Nous avions cru jusqu'à présent que certains services éclatants faisaient les fonctions inamovibles ; la tentative de remplacement dont M. Rouland a été l'objet au lendemain de la Commune, la révocation du marquis de Plœuc quelques années après son commandement en chef pendant l'insurrection, prouvent que nous nous étions trompé ; nous le regrettons, et tous les hommes que n'aveugle pas la passion politique le regretteront avec nous.

 

FIN DU TOME TROISIÈME

 

 

 



[1] Art. 258. Quiconque, sans titre, se sera immiscé dans des fonctions publiques civiles ou militaires, ou aura l'ait les actes d'une de ces fonctions, sera puni d'un emprisonnement de deux à cinq ans, sans préjudice de la peine de faux, si l'acte porte le caractère de ce crime.

[2] Achille Ballière, capitaine d'état-major au bataillon des barricadiers, par le père Gaillard ; Charles-François Bastien, dit Bastien-Granthille, chef du 259e bataillon insurgé ; Paschal Grousset, membre de la Commune, délégué aux relations extérieures ; Olivier Pain, chef du cabinet de Paschal Grousset. Jourde et Rochefort sont connus,

[3] Pour le nombre des morts et des condamnés, voir les Convulsions de Paris, t. II, chap. VII.

[4] Est-ce pour reconquérir l'estime du parti dont Vermersch fut l'organe que lourde a publié en 1877, à Bruxelles, une brochure intitulée : Souvenirs d'un membre de la Commune, et dans laquelle il a commis des erreurs trop manifestes pour ne pas paraître volontaires ?

[5] Voir Pièces justificatives, n° 9.

[6] Voir Pièces justificatives, n° 10.

[7] Le vote a prouvé que mon opinion était erronée.
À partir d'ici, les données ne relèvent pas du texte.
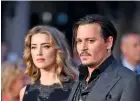  ?? ?? Amber Heard with Johnny Depp.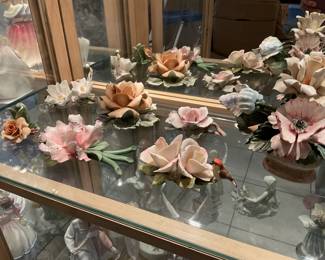 Collection of Capodimonte porcelain flowers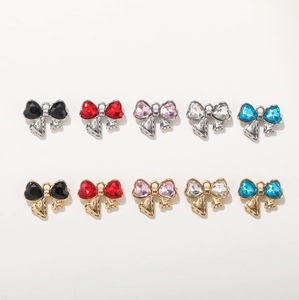 Bow tie heart charms with colorful crystals in gold and silver base settings for DIY jewelry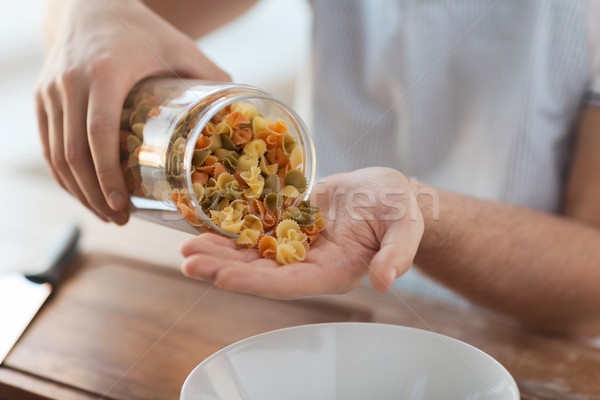 close up of male emptying jar with colorful pasta Stock photo © dolgachov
Dans la séance du 15 décembre 1879, sur le rapport de la commission du budget, la Chambre des Députés a repoussé un projet de loi qui accordait à la Banque de France la moitié de la somme qui lui est due, soit 3.646.661 francs.

[8] M. Rouland est mort subitement, à la Banque, dans la matinée du 12 décembre 1878.